DIA representatives, however, have said that while they’ve greatly increased their fundraising efforts, it hasn’t been enough to make up for the millions in tax dollars they’ve lost in recent years. Gene Gargaro of Grosse Pointe Shores, chair of the DIA Board of Directors, said the museum has made changes to reduce its costs, including cutting its budget by a third in recent years and laying off 65 staffers — nearly one-fifth of the total — in 2009. Although they’ve increased their fundraising efforts, he said that revenue source has declined dramatically in recent years, and suggestions that they increase admission from $8 for adults to $30-$40 — as some have said — would simply mean far fewer people would be able to visit the museum, which attracts about 450,000 annually now.
Although millage supporters have said the DIA is a draw for businesses considering locating in metro Detroit, McDonald believes the millage will have a negative impact.
“I don’t think it’s good for the tri-county area,” he said. “Once taxes are passed, they usually go up, and once taxes are passed, we never get rid of them.”
Had the millage not succeeded, DIA officials had said they would have had to slash offerings, close galleries, and eliminate community outreach and public programs, among other changes.
“I knew it was going to pass, because the DIA is really a historical presence in the community,” said Bettye Misuraca of Grosse Pointe Farms, chair of the Wayne County Art Authority. “The millage gave it more new light to shine for many years in the future.”

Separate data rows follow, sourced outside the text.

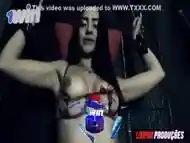 Submissive Little Slut Giving Her Horny Ass Sandy Producoes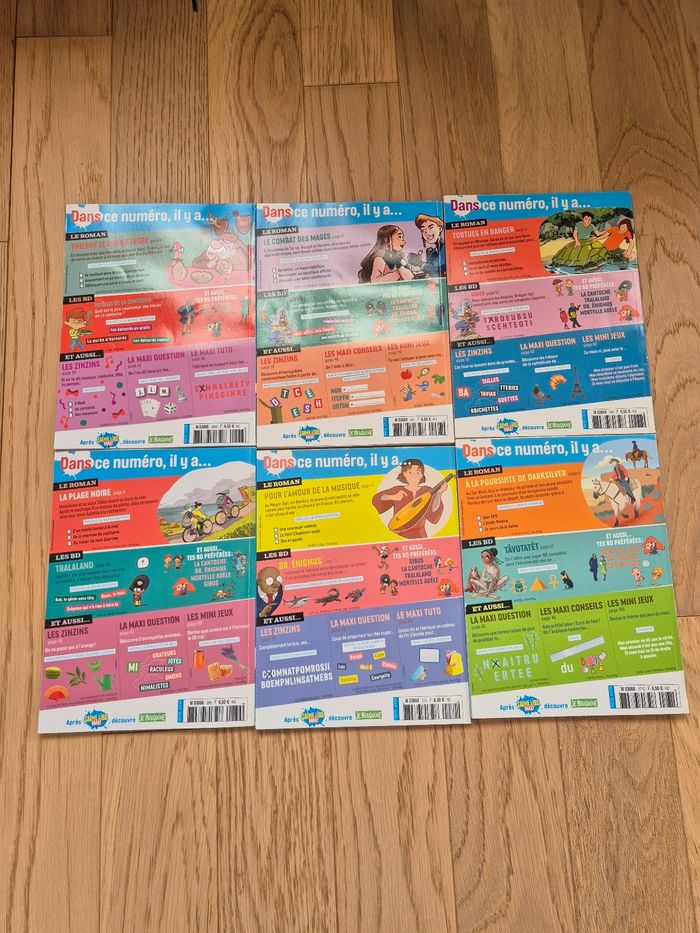 Lot 6 J'aime Lire Max 📚 - photo numéro 2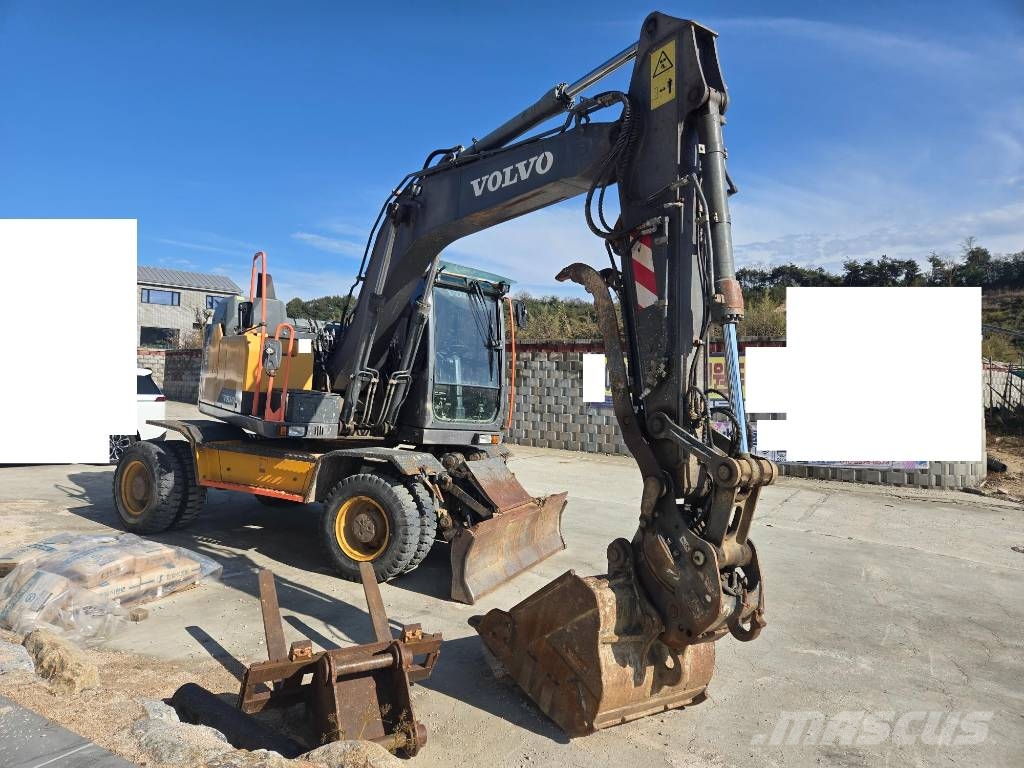 Volvo EW140E 旋轉式挖土機/掘鑿機/挖掘機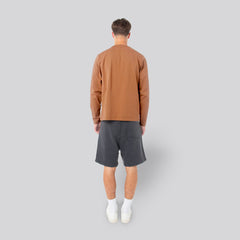ST95 Laboratorio L/S T-Shirt Coca Mocha
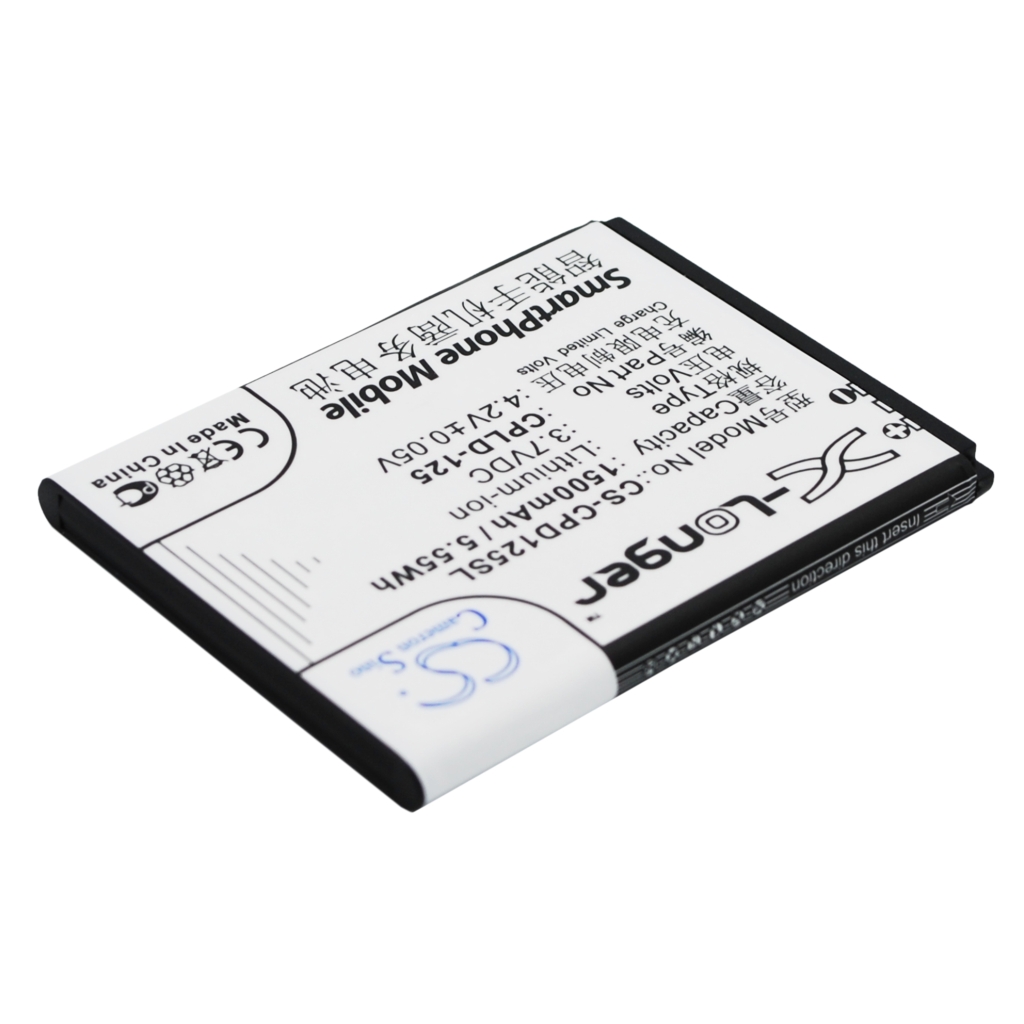 Batería del teléfono móvil Coolpad 8017-T00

In conjunction with millage passage, the DIA is displaying Johannes Vermeer’s “Woman Holding a Balance” in the Dutch galleries through Sept. 2. The painting — one of only 11 Vermeers on display in the United States — is on loan from the National Gallery of Art in Washington, D.C.
At press time, DIA officials were still exploring what enhanced benefits they will now offer to museum members.